Last instance I can think of with a water-ditch was that Ethiopian 767 that was hijacked and ran out of fuel off of east Africa.  Around 100 people survived but few of them had a chance to put on life vests.

That, BTW, was about a dozen years ago.


----------



## jennyema (Aug 29, 2008)

I was under the impression that most airlines have dispensed with life vests in favor of seat cushions. 

I actually think this is a good idea. The vests were flimsy and hidden under the seat. The cushions are right there under your butt.

As a practial matter your chances of being able to access and use a life vest to save your life in an airplane crash are incredibly miniscule.

There was a plane crash in Boston in the water about 25 years ago but no one could get life vests on then, either.


----------



## GB (Aug 29, 2008)

I would still want the option though. If G-d forbid i am ever in that situation with my kids, how am I supposed to keep them afloat on a cushion?

Get rid of the skymall magazine and give me my life vest back.


----------



## qmax (Aug 29, 2008)

Water landing - Wikipedia, the free encyclopedia

"So the life jackets ... have little purpose other than to make passengers feel better."


----------



## ronjohn55 (Aug 29, 2008)

GB said:


> Get rid of the skymall magazine and give me my life vest back.



But, but... That's 250 pages of stuff I never knew I didn't need!


----------



## GB (Aug 29, 2008)

My Father In Law worked for the FAA for many many years. On numerous occasions he even briefed the President of the United States on crashes that had occurred. He was specifically involved with crash investigation and prevention. I spoke with him about this and he agrees that chances of using the vests are very slim BUT it is ridiculous to not have them on board just to save some money.


----------



## jennyema (Aug 29, 2008)

GB said:


> I would still want the option though. If G-d forbid i am ever in that situation with my kids, how am I supposed to keep them afloat on a cushion?
> 
> Get rid of the skymall magazine and give me my life vest back.


 

The cushions have straps on them and are actually very effective flotation devices.  They are widely used on boats, canoes, etc.

If I were ever in that situation I would rather have the cushion than that cheapo life vest that you have to blow up with a straw.

Have you ever seen anyone buy anything out of that magazine?


----------



## GB (Aug 29, 2008)

I am very familiar with those cushions as well as water safety. I was a white water canoe instructor for years as well as a water safety instruction. Those cushions have straps, yes, but you can not attach them to your body. if you lose consciousness then you are dead. If the water is cold and you loose feeling in your hands then you are dead. If you break your arm in the crash and cant use your hand to hold onto the strap then you are dead. If you are a child or infant then you are dead. At least with the vests they are a hands free device that will keep you afloat. Not to mention that the vests are designed to flip up face up even if you are unconscious so you will not die from having your face under water.   

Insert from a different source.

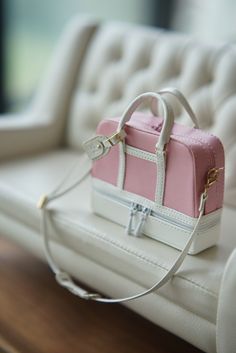 a small pink and white purse sitting on top of a table next to a couch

My parents were in a boating accident years ago. They had those cushions, but were not wearing live vests. The owner of the boat did not know how to swim. When the boat went down the first thing my dad did was yell to Richard to make such he had a cushion. He yelled back yes as he lifted it above his head to show dad. Yes he went right under the water as he did this.


----------



## pacanis (Aug 29, 2008)

GB said:


> ...Land yes, but it won't take that long to crash. If your plane is going down then it is going to drop to the ground in a lot less than 50 miles...


 
If a commercial airline is at altitude and not in "crash mode", 50 miles is plenty of distance to achieve the proper glide angle to get you back over land and aimed towards an airport or highway.
If it's descent is any faster than that, then I agree a life vest isn't going to do you any good.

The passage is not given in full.